The Gift of Having Jesus

It’s not too late to remind myself today that I am a very blessed young wife and mother! How could I just sit and go on in a day’s task and to-do’s without thinking and remembering how faithful God is in my life? I may not have any money in the bank as of the moment or have a secure financial status, but I am pretty sure that life is wonderful and amazing and joyful and exciting having Loy and Shasha!!!! WHOOOOOOHHHh!!! Thank you so much Dearest Lord God of the Universe. You really fill my heart with joy. You give me lots of reasons to smile and just let go of all stress in life for You are with me.
On the one hand, I must say that I’m not free of problems. I’m not excused to have all these challenges and trials that I’m going through in life. Nowadays, I’m struck with life-changing events! In just a matter of a year, I became a wife and a mother. Being a wife is a big challenge to me. I still have to learn more on this area and then God surprised me with a wonderful blessing of knowing that I got pregnant in as early as 3 months of being married! Although, I prayed to conceive, I did not specifically ask the year or when to receive such gift. It is indeed a gift so I so willingly received with a joyful heart.
Motherhood! I should say that I can relate already to the handful of reading materials I’ve read from my being a reader. The classic quotes from mothers which I always hear when their little ones are not that easy to handle.( dili lalim!!!) But, being a new mother, I have learned quite a few things which honestly were not that evident in my life before being a mom.

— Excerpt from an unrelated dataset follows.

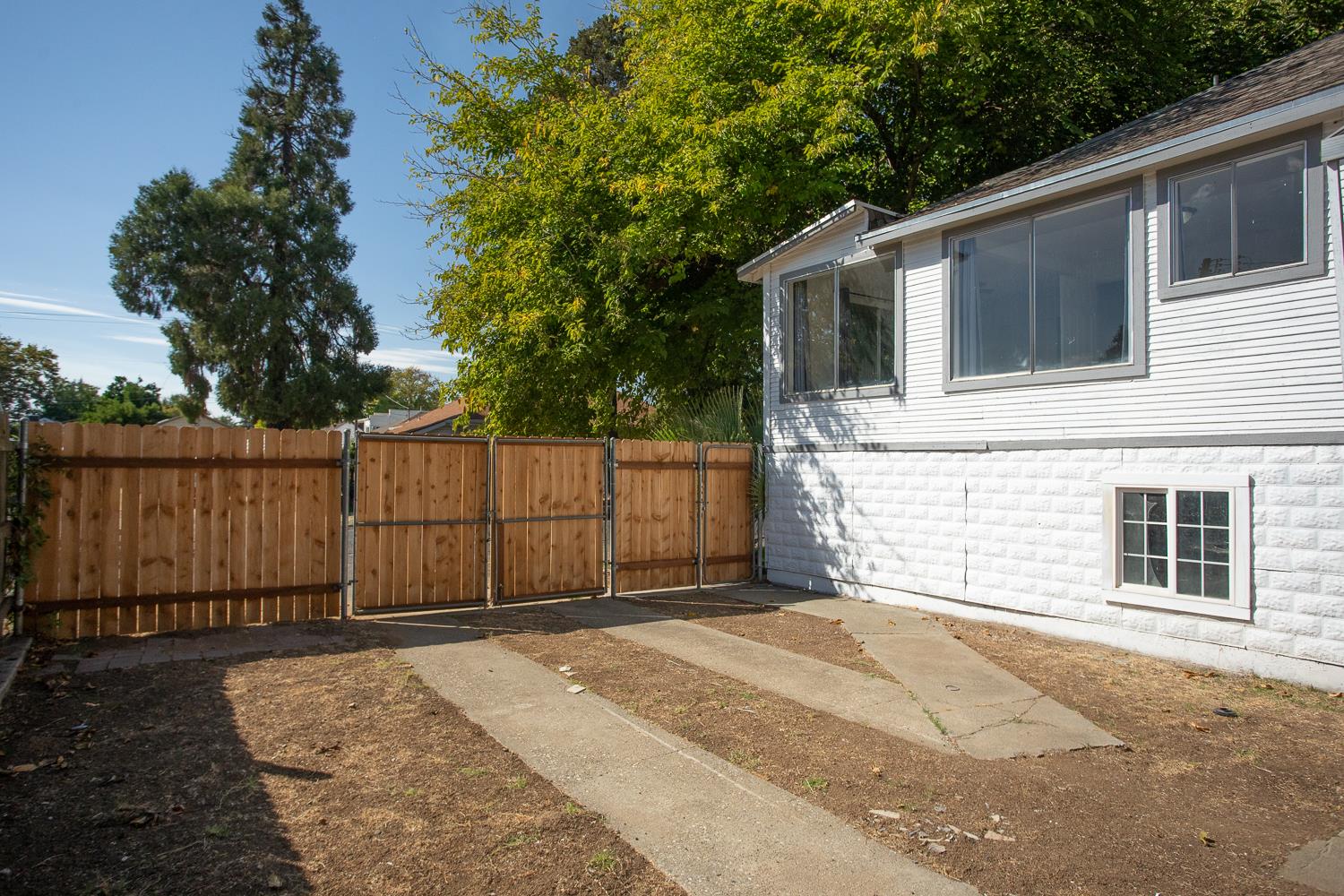 1585 Sycamore Street Gridley, CA 95948 - Photo 55 of 69 a backyard of a house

To be honest, I have been a person who is so matakaw sa tulog that’s why I really would sleep in as early as 8:00 o’clock in the evening and would wake up at 5:00 am. That’s really a good deal of rest. One thing I sacrifice now as a new mama is my luxury- sleep! I don’t really want to be disturbed. Call it selfishness but that’s how I really go about with my life before. Everything changed now that Shasha is around. But, these are just few of the things which I am now able to experience. As long as it’s for my little darling, I will willingly do even at times I admit that my flesh will protest.
o How did I do it? Uhm well, that truly is because of Your grace Lord Jesus. Thanks kaayo LORD ha. Mag-unsa na lang ko kung wala ka.
I’m more inspired to do my job well now. I don’t know why. It just changed that abruptly when Shasha came. I think I’m more inspired! Yes I am. And I’m more eager to learn more how I can best take care of Elisha.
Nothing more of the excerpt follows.